AIM OF THE TASK.
Starting at the line that contains "Four donuts floating", transcribe each line exactly through the end of the data below, and skip any pictures.

SUPPLIED RECORDS.

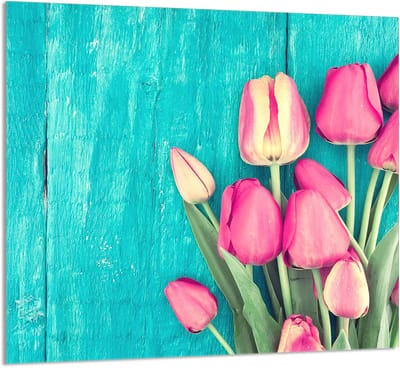 TMK ArtDeko - Glasplaat voor Keuken - 65x60 cm - Tulpen - Veelkleurig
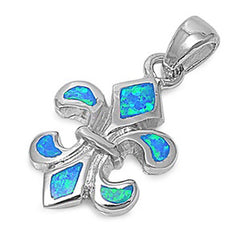 Sterling Silver Fleur De Lise Shape Blue Lab Opal Pendant and Pendant Height 24mm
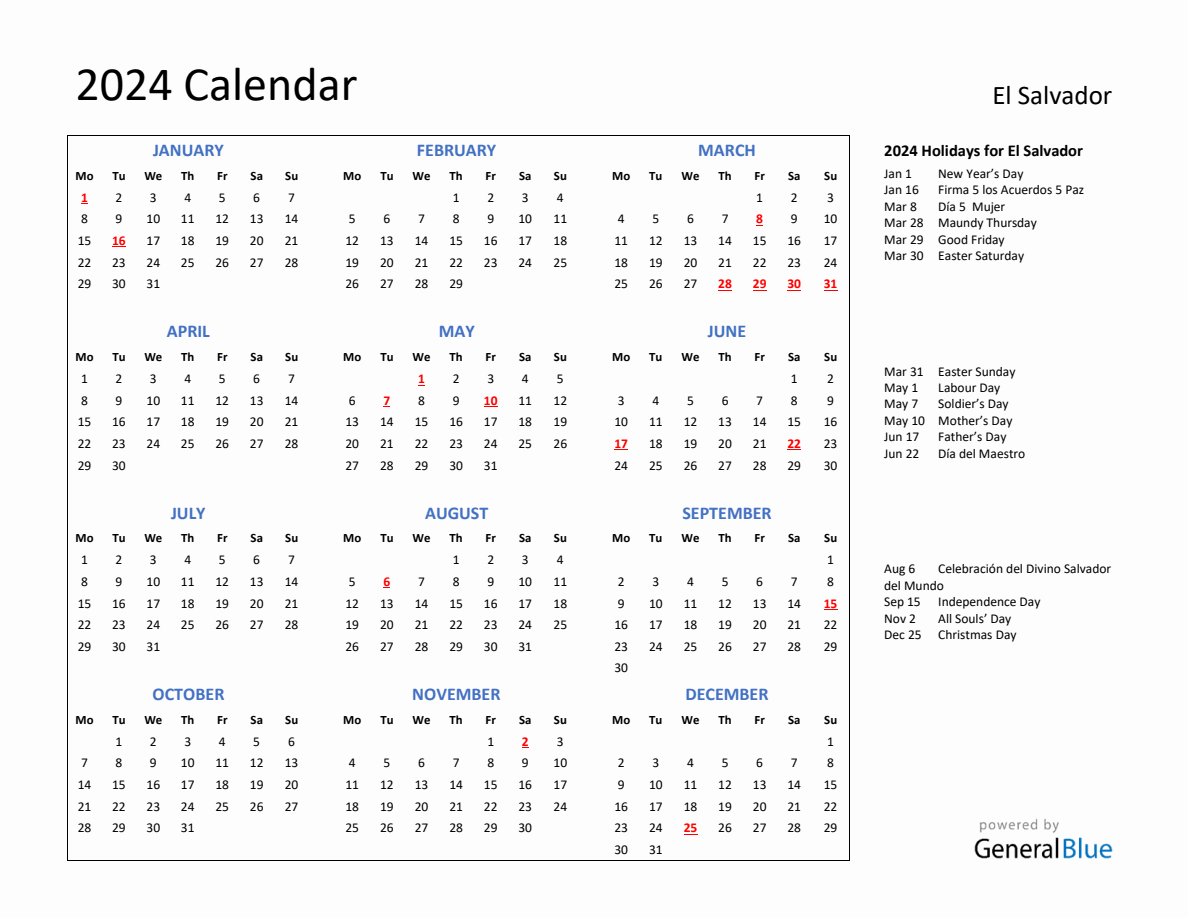 2024 Calendar with Holidays for El Salvador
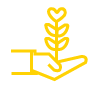 Hand with small plant in it's palm Icon in yellow isolated on a white background.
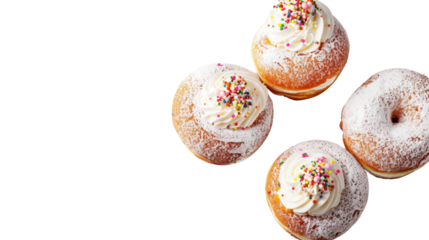 Four donuts floating on transparent background with whipped cream and sprinkles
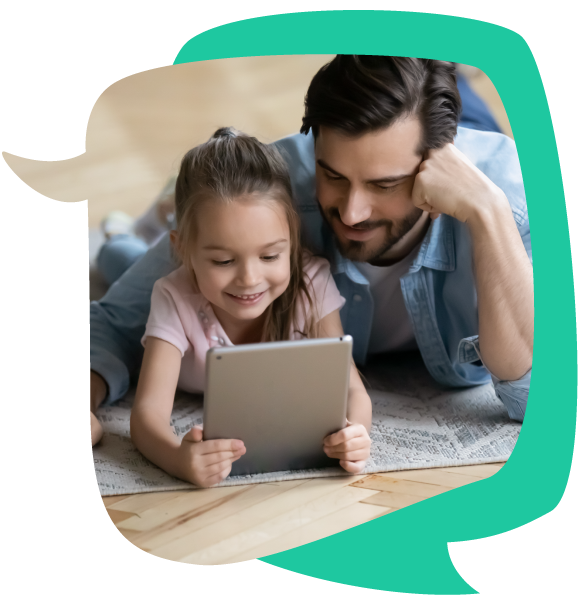 A father and daughter lie on a soft space-themed rug, engrossed in a shared story as they read from a tablet together. The cozy scene captures their close bond, with the glow of the tablet illuminating their joyful expressions.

OUTPUT OF THE TASK.
 Four donuts floating on transparent background with whipped cream and sprinkles
 A father and daughter lie on a soft space-themed rug, engrossed in a shared story as they read from a tablet together. The cozy scene captures their close bond, with the glow of the tablet illuminating their joyful expressions.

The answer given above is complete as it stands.